Что касается партий истеблишмента, то единственная проблема при формировании коалиции состояла в личном соперничестве лидеров. После некоторых колебаний и препирательств социал-демократы согласились с кандидатурой Меркель в обмен на ряд ключевых постов. Им были обещаны министерства иностранных дел, финансов, юстиции, труда, по делам окружающей среды, сотрудничества, здравоохранения и транспорта. Шредер объявил, что уходит из политики в бизнес.

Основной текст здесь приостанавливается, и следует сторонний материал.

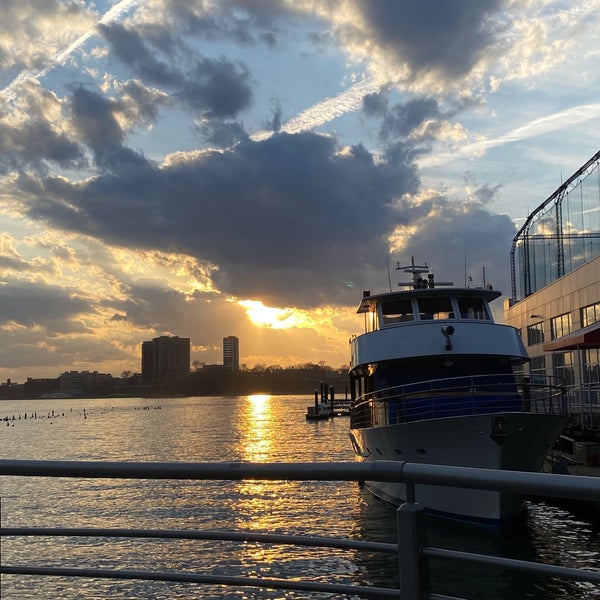 Point Chelsea Pier Pier 40 - Chelsea Piers - Chelsea - New York, NY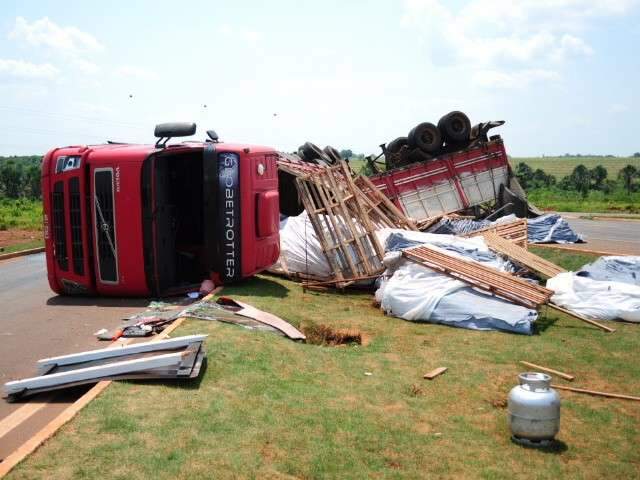 Motorista fica gravemente ferido ap&oacute;s caminh&atilde;o tombar no anel vi&aacute;rio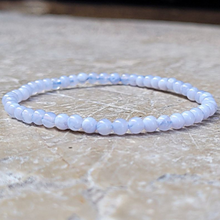 Charger l'image dans la galerie, bracelet fin en calcedoine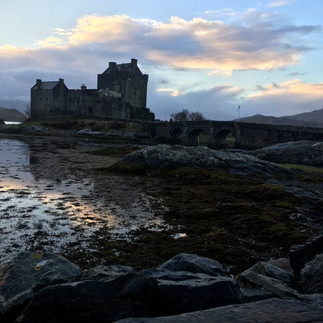 EIlan Donan Castle over the loch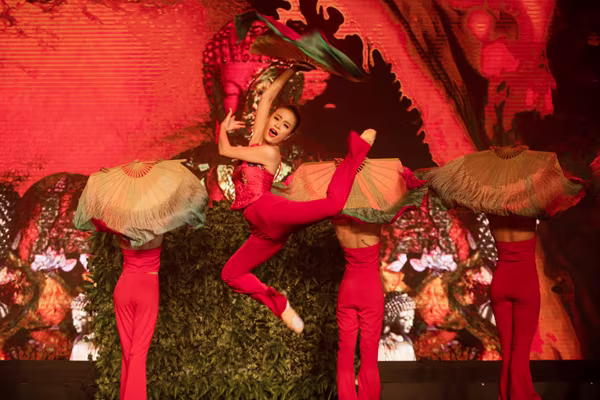 Hoàng Thuỳ Linh trình diễn "Bánh trôi nước", Vĩnh Thụy giật giải "mặc đẹp trong đêm" ảnh 7 Hoàng Thuỳ Linh trình diễn "Bánh trôi nước", Vĩnh Thụy giật giải "mặc đẹp trong đêm" ảnh 7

Для последних представителей левого крыла, все еще оставшихся в социал-демократической партии, это было тяжелым ударом. Связанные с партией профсоюзные лидеры после подсчета голосов продолжали напоминать партийным боссам, что «большинство немцев — левее центра». [345] Действительно, 54 % избирателей отдали свои голоса партиям, номинально считающимся «левыми» и «левоцентристскими». Однако лидеры «зеленых» и социал-демократов собирались проводить правую политику, и никакого другого курса даже вообразить себе не могли.

Формально «большая коалиция» располагала теперь огромным, подавляющим парламентским большинством, а сходство программ давало ей возможность эффективно работать, не тратя много времени на согласование партийных позиций. Но у нее была одна фундаментальная проблема, которая значит куда больше, нежели любые арифметические расклады в Бундестаге. Поддержки большинства народа у этой программы не было!

В то время как политики оказались едины относительно необходимости неолиберального курса, большинство немцев — даже голосующих за консерваторов — идти этим курсом не хочет.

В отличие от Англии и Франции, где современное государство и нация сложились в XVII–XVIII веках во время первых буржуазных революций, Германия превратилась в единую нацию в процессе индустриализации. Именно это, кстати, сделало Германию столь мощной военной силой и столь опасным конкурентом для старых империй. Все элементы государственной машины были подогнаны друг к другу как детали единого механизма. Они не складывались исторически, наслаиваясь друг на друга, а сознательно конструировались. Точно так же создавалась единая армия, транспорт, система образования. Индустриальная культура стала, в итоге, важнейшей основой немецкой «идентичности».